Oh you’ve got Cancer? I’m suddenly very busy for a long time.

So as I sit here watching Aztec Camera on Vintage TV (or Sad TV if you’d prefer) I am pondering on another question posed to me by the lovely @Kelliet1085

What i’d like to know is how you delivered the news of your cancer to your friends & family and how people reacted to the news?

How did you feel about the way people reacted, did their treatment of you change, did people pop up who hadn’t shown interest in you before?

Have you seen the Macmillan advert where there are people falling over because the reality of being told they have Cancer hits them, right in the middle of doing something normal?
It is exactly how it feels.
I remember feeling eerily calm when I was told I had Cancer. Hearing the words coming out of Mr Hollingsworth’s mouth was just a confirmation of what I already knew. It only hit me a couple of days later, I think it was after my PET scan, and it hit me like a tonne of bricks.
I remember sitting at my desk in work and thinking ‘Shit, I have fucking stupid cancer’. It was like a punch in my tumour bloated stomach.

I didn’t know what to do, I felt like I was trapped in this cancer bubble. All I could think about was how do I tell people what is going on with me.

As you can tell my main way I communicate well is by writing. Before my diagnosis I only let a few people into my writing, I mainly published to Twitter and not on Facebook, largely because I was worried what people would think about my writing, especially people who knew me on a face to face level.

Once I had ‘come out’ as such on twitter and Facebook, I mainly found that people just didn’t know what to say.
I had a lot of people who were shocked and saddened.

I had old school friends message me after over a decade of no contact, wishing me all the best and following my progress. It was overwhelming the response I got.

I had complete strangers wanting to send me cards, presents, well wishes. People were just compelled to do something, anything. I guess it’s part of our human nature to want to help.

I had chocolate, flowers, gifts and at the last count, I had 40+ cards from people just wanting to be part of ‘Fran’s Army’

But, whilst this was all amazing and I felt such an enormous amount of love in a digital way, I found the flip side to a situation which forced people to feel….well feel numb.

In those very early days where we were also dealing with a bereavement, I craved love, reassurance and just wanting to know someone was there. I didn’t need anything more than someone telling me it was all going to be OK.

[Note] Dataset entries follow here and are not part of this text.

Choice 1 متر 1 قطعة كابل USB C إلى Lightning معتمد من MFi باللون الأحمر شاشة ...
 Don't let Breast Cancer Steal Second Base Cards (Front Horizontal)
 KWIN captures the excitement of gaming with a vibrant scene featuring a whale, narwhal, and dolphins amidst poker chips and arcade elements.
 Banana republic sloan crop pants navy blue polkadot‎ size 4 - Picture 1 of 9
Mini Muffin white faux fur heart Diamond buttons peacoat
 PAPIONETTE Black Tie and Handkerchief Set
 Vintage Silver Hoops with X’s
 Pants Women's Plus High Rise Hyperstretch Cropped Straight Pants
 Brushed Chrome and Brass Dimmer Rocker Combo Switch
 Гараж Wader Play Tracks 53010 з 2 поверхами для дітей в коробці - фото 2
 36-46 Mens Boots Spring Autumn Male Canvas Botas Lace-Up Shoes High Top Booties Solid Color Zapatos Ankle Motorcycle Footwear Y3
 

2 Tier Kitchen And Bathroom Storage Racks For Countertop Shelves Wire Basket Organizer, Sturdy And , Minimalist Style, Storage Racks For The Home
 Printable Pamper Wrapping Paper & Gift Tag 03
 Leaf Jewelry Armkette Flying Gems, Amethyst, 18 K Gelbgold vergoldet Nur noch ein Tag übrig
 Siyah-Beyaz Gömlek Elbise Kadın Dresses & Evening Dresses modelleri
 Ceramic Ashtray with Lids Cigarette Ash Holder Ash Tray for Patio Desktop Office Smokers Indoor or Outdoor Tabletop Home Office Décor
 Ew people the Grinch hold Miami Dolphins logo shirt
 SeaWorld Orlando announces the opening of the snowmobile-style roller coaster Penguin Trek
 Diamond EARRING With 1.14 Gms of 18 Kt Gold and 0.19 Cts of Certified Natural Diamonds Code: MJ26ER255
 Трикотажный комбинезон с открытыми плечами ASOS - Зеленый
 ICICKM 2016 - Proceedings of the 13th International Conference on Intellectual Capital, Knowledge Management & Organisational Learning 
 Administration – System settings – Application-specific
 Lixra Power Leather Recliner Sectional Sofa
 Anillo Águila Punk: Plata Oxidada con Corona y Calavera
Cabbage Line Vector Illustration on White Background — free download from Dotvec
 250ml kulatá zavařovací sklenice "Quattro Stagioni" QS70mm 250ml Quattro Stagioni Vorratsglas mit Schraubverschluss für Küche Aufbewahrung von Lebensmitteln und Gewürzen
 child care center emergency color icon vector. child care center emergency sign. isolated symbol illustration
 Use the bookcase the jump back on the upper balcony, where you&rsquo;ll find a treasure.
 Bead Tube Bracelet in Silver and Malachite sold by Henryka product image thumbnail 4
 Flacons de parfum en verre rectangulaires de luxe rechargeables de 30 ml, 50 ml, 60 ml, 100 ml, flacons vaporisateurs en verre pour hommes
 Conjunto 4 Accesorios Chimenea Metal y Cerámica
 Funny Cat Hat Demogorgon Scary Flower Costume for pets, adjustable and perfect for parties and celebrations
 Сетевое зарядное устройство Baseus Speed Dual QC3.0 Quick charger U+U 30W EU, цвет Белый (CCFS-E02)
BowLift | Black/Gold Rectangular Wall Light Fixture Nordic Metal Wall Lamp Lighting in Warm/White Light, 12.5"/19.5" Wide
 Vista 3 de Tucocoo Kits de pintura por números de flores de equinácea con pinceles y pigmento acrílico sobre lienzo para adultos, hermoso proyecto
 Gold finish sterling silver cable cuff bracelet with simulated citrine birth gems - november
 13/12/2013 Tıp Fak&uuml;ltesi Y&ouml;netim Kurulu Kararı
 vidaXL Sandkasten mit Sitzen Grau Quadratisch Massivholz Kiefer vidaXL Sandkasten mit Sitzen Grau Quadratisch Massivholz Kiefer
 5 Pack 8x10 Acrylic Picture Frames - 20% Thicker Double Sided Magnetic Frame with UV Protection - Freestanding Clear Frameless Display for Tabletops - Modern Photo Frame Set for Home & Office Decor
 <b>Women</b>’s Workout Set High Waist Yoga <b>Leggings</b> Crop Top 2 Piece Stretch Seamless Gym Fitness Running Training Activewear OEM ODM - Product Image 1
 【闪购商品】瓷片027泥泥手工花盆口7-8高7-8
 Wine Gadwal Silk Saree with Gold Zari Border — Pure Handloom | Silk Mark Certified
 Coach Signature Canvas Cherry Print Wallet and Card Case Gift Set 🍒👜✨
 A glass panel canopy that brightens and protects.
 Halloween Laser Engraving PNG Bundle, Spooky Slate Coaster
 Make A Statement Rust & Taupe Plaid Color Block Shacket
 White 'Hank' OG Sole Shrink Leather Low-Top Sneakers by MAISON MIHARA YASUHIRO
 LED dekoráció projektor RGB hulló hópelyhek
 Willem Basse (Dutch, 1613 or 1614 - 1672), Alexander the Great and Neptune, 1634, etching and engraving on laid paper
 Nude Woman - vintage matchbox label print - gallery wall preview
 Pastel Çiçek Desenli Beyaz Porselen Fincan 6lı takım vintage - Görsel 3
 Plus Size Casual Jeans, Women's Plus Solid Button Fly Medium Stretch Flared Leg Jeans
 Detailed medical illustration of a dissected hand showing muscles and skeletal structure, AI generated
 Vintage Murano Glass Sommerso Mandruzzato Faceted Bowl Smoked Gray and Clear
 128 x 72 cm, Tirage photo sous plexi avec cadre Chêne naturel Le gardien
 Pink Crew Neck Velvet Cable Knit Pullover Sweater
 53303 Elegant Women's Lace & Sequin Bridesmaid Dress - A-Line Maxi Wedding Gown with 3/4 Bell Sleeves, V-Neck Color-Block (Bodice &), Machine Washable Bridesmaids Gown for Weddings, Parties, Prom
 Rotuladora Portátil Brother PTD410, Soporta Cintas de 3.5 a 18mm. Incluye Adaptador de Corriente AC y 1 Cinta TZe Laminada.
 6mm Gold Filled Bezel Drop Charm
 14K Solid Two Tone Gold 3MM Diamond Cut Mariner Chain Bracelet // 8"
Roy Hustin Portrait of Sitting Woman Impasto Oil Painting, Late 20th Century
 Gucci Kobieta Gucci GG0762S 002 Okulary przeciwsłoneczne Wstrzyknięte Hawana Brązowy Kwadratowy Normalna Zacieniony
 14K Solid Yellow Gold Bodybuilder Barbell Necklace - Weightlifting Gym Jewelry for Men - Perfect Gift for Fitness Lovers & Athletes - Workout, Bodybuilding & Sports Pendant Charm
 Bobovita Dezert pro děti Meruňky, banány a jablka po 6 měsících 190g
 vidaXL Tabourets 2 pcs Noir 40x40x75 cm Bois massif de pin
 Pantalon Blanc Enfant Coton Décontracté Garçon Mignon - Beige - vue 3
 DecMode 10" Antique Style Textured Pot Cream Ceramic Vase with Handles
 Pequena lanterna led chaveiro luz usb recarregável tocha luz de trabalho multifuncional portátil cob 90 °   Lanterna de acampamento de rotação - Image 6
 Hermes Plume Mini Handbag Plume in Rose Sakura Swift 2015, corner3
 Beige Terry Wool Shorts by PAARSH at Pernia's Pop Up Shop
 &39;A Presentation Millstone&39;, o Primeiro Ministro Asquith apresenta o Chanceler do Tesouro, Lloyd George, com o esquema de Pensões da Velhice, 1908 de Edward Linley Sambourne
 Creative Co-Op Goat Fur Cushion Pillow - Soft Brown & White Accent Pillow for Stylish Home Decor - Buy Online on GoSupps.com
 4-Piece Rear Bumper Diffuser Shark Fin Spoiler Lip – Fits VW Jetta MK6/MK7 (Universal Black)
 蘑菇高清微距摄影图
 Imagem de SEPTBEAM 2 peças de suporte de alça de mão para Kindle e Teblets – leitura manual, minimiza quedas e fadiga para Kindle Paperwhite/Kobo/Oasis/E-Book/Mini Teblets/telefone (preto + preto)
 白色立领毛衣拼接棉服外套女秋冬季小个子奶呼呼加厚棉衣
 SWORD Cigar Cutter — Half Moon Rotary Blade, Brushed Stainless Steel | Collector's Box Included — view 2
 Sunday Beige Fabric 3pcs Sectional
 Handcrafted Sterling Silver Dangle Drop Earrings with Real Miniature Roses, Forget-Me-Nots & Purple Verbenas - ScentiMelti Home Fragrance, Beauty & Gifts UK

When Eve was diagnosed with Osteosarcoma, my first instinct was to be with her. I had to be with her to let her know I was always going to be there. And I had to get there as fast as I could, as though being there within an hour would somehow change everything.
I know this is just how I dealt with her cancer diagnosis and everyone reacts differently to shocking news, but to me it would have been alien to not have wanted to be with her at her lowest point.

And yes, I know some people just simply do not know how to deal with someone telling them they have cancer, I get that, I get that completely, but if someone you cared about was going through the worst time in there life, wouldn’t you put aside what you were going through with the situation and just sat with that person?

Just had a cup of tea with them?

Just called them to tell them you were going to visit?


Well, some of my closest family and friends didn’t do that either. In fact after nearly 4 months post diagnosis, I still haven’t heard from some F&F.

I was shocked and I was sad, and yes, I probably should have made more of an effort also, but I guess you do find out who is truly there for you when you most need someone.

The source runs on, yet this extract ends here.